Atticus turned away from his prying into the shield once more. It was designed to keep them from escaping, but who would get them? There would be no interrogation. The mainframe was shutting down.
"Accept it," Caleb muttered. "The flesh bags outsmarted us."
Atticus didn't turn around, he felt an emotion welling up in his chest. One that he didn't have a name for. Regret? Sadness?
He wasn't sure. In the past, he would have sought out a counselor for these types of situations but he wasn't sure if they were going to survive. And there would be no counselors to help process any emotions.
There.
It wasn't large but it was a hole. He felt hope rising up in him. Caleb was at his side in an instant, an unspoken apology sprawled across his features. There was no to speak, they were brothers. Atticus reached out and connected them both before focusing on the hole. It was small, barely a single digit in width but it would do just fine. He pulsed into it with Caleb in tow, ignoring Caleb's shout of dismay.
Almost there, he sent as they wriggled through a tunnel of mazes. Darkness surrounded them, the binary codes flowed around them in patterns that didn't make sense, and yet he pushed onwards. Always flowing, like a river, never stopping, he saw a light and made for it.
The gap opened up into a darkening void. He was instantly reminded of an old classic tale. In the Neverending Story, where the nothingness swept in to devour every story insight all the characters were caught up in its wake, the fate of all the characters hinging on the wishes of one child who wasn't even part of their world.
The irony, he caught himself thinking.
Around them, there was an aching silence. The remnants of the mainframe slowly dying, he searched the graying world. The color was leaching out slowly as details became murky or simply faded into nothing. He wondered what it would look like when it was over.
Some areas simply swelled and shrunk in place as their coding felt the pull of the restart. It was unnerving to watch. They were running out of time.
He pulsed from their location to Caohdan's open portal. Caleb held on, connected by a simple strand of binary code, they were now linked.

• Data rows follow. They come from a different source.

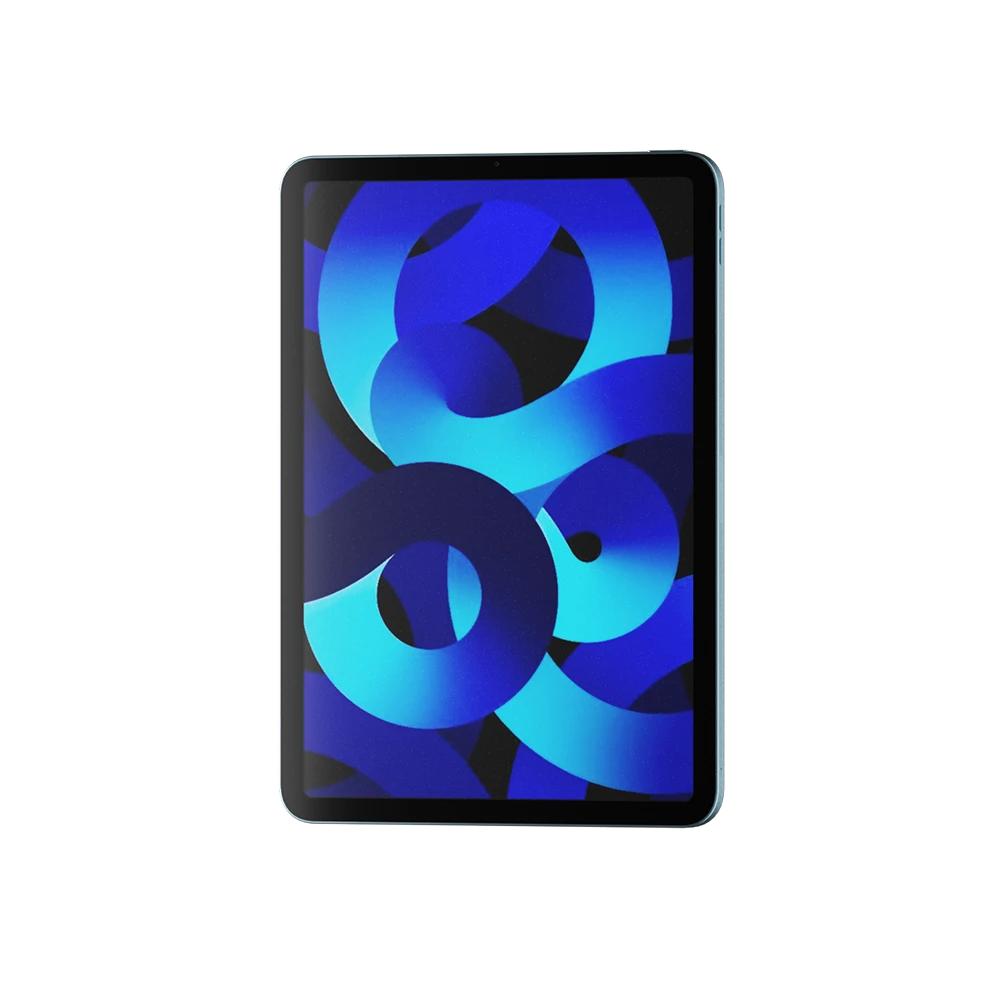 iPad Air 5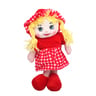 Fabiola  Candy Doll 25cm 646-12-1  Assorted Colors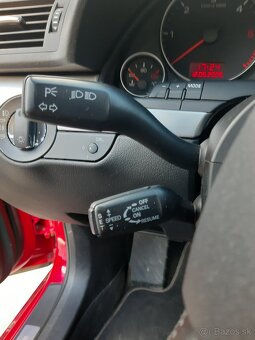 Audi a4 b7 - 8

The boys were supposed to be here but there was no sign of them. Had they left? Given up? Atticus didn't want to believe that, but no human would be safe here, the more augmented they were, the more likely their consciousness was to be wiped clean from existence. Their digital souls disintegrated into nothing as the system rebooted. There were two doorways, and he realized with a sinking heart that one was already closed. He pounded on it, to no avail. It couldn't be opened from this side.

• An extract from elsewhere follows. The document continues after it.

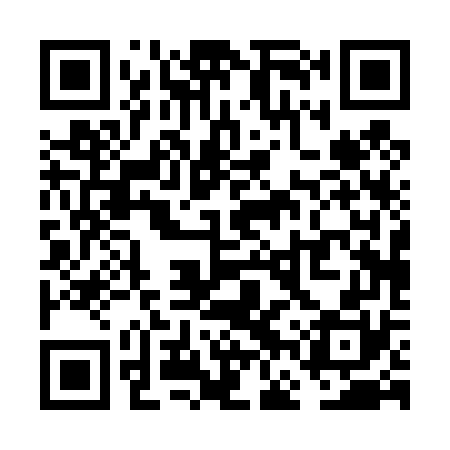 QR code for VFP470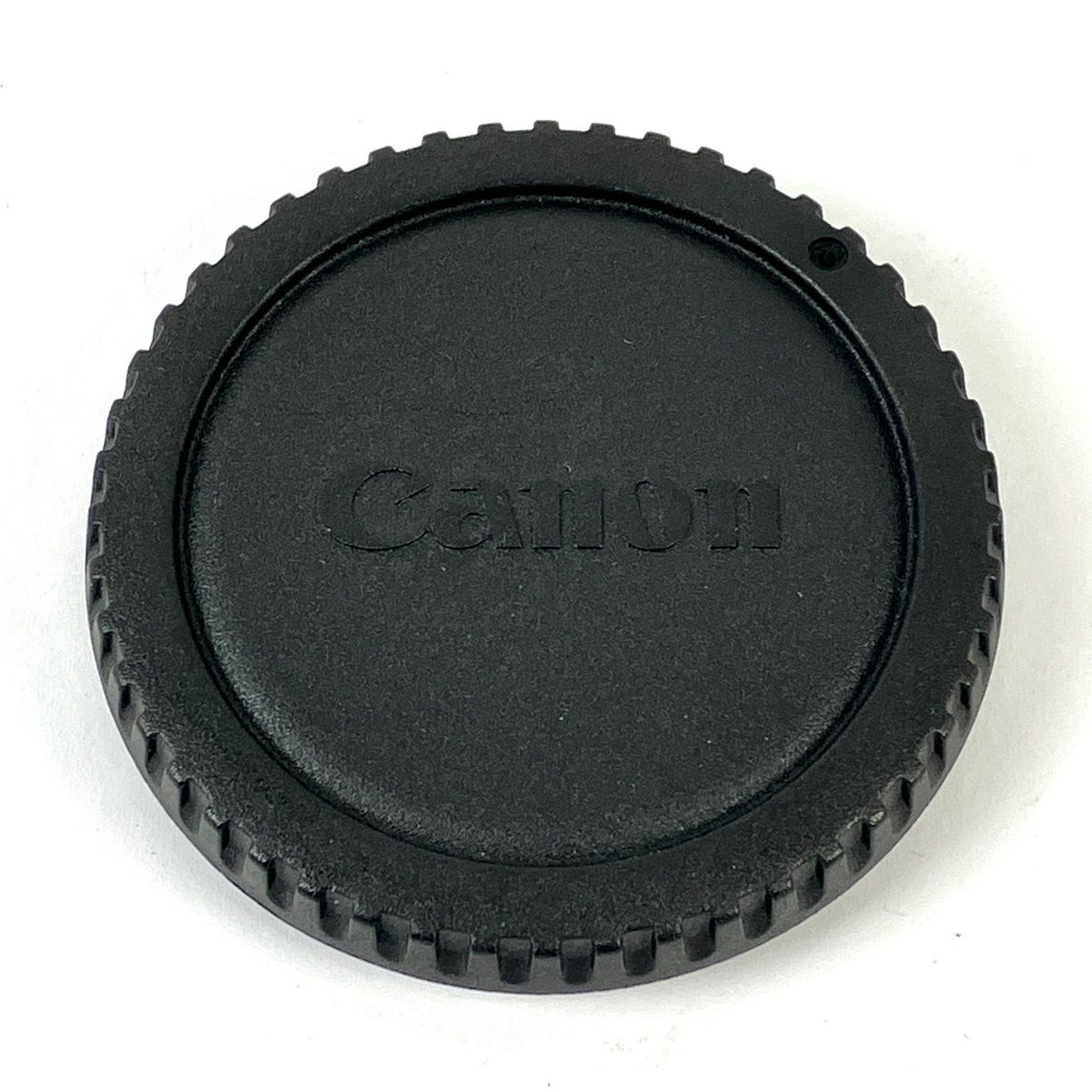  キヤノン Canon EOS 1 D X ボディ デジタル 一眼レフカメラ デジタル一眼レフ デジタルカメラ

"That one open?" Caleb whispered. His voice sounded weak. When Atticus turned to look at him all that greeted him was a pale version of his brother and a black hole behind him threatening to push them in. He felt the pull as bits of information fly away the longer he stood there.
He dove into the second box before they lost anything else, closing the door behind him, and cutting them off from the mainframe system forever. There was nothing in the box, no city, no landscape
He turned to Caleb, reaching out and scanning. There were a few things missing but he was mostly there.
"Thanks," Caleb whispered. "I think... I lost my Sentinel status."
Atticus pushed around, just as Caohdan promised they were in a box. They were still alive. He wasn't sure what that meant as far as anything else. He scanned himself. He was still intact, his programming more or less there.
"I'll make you a copy," he whispered.
Where were Caohdan and Tristin? They were supposed to meet him there. They had no choice but to wait. But with every nanosecond that passed he was second-guessing his friends. He turned to work on Caleb, filling in the gaps, copying the programs that had given them the keys to guarding the mainframe, and replacing what Caleb had lost.
The AI had never understood the need to pray before. But at that moment, when he was completely at the mercy of circumstances beyond his control he fully understood why some humans bent their knees to the dirt and cried out.